Heart of the Nations Indigenous Artist's Community
Heart of the Nations is teaming up with Indigenous artists from across Canada to share their art and artworks with non-Indigenous cultures. Indigenous art and artworks involve aspects of the life of the artist that are sacred to the background it derives from. Artists belonging to this community are dedicated to reconciliation and would love the opportunity to share their arts narratives with you in an attempt to break down barriers and begin the work needed to deepen understanding between Indigenous and non-Indigenous. If you are one of these artists, I look forward to hearing from you! If you are on on your own journey of wanting to learn more and connect, send in a members request to join the community and start the dialogue to a deeper understanding.
Indigenous Art & Artworks Across Kanata
Contemporary Indigenous Art:
Using the history and heritage of their ancestors, Indigenous artists can creatively express social and political narratives on issues that have and are affecting Canada environmentally and Indigenous peoples emotionally, and spiritually.
All Indigenous communities across Canada are filled with art and artists. Take some time to absorb the rich history of Indigenous art throughout Canada on your travels and celebrate the multilayered cultural tapestry of the more than 600 diverse communities of First Nations, Inuit, and Metis peoples.
Traditional Indigenous Art:
Heart of the Nations firmly believes that Indigenous art and artworks that has been found should be reunited with the original community from which it came. If the community wishes to share, they may choose to do so. Selling such items seems wrong. With this being said, there are many collections on display that we can admire and learn from.
Take some time to browse through one such collection
at the Donald Ellis Gallery
while browsing, ask yourself what you feel about a member of the oppressive Nation making significant profit off of items that belong to the oppressed Nation.
Adam Ferguson, National Geographic photographer, was welcomed into a Cree community to capture how Indigenous artists express and sustain their culture. The experience changed him.
“Spending time on Lake Opemisca with Anna and David Bosum, a Cree family in Ouje-Bougoumou Québec, made me slow down. It’s easy in the modern world to be consumed by technology, social media, and work. On the lake, the Bosum family projected a quiet wisdom that calmed me. They were kind, intuitive people who have a deep relationship to their immediate environment, to the lake, to the trees around it.
“Their lifestyle is absolutely ingrained, with a worldview tied directly to the seasons and nature. Anna and David were going fishing, but not to catch and sell the fish. Instead, they share everything with community, passing it on to the elders who are no longer physically able to hunt or fish for themselves.

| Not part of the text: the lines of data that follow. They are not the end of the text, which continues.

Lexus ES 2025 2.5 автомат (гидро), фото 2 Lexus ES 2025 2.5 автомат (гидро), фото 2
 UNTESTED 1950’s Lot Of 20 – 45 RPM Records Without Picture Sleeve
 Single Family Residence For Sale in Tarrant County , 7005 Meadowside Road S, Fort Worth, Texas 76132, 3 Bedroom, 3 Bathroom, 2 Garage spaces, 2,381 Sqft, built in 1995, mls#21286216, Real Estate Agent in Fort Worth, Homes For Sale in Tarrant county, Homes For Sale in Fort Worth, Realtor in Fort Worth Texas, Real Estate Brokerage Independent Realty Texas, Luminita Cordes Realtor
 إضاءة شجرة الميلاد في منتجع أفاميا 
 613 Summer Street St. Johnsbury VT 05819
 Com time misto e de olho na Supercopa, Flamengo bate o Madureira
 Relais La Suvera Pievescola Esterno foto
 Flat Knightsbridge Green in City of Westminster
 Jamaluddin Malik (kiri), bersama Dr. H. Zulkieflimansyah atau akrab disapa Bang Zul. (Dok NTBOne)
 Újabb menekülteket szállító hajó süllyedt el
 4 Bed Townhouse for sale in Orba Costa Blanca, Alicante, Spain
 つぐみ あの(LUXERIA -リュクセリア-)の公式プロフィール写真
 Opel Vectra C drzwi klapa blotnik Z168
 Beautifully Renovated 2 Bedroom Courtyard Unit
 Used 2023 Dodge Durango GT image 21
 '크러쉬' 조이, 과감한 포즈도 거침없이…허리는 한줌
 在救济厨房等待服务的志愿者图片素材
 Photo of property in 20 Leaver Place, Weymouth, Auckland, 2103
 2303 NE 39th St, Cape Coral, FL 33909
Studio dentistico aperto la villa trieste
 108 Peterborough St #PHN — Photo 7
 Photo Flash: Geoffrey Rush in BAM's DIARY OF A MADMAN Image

“Seeing how they live in this space allowed me to reflect on my own values and feel my true place in the great life cycle at work in this universe. It was humbling. “
There are many more ways to learn about Canada from those who were here first. Find descriptions of wide-ranging Indigenous tourism experiences across the nation at www.indigenouscanada.travel.
Words of Encouragement
Before I created this page I was only able to admire Indigenous art when I was around some. Now that I have a better understanding of the meaning behind each creation, I find myself able to connect on a new level with a deeper understanding. I find Indigenous cultural views to be all encompassing and harmonious. The emotional connection to each piece that these artists share is inspirational and encourages my own self-reflection and growth.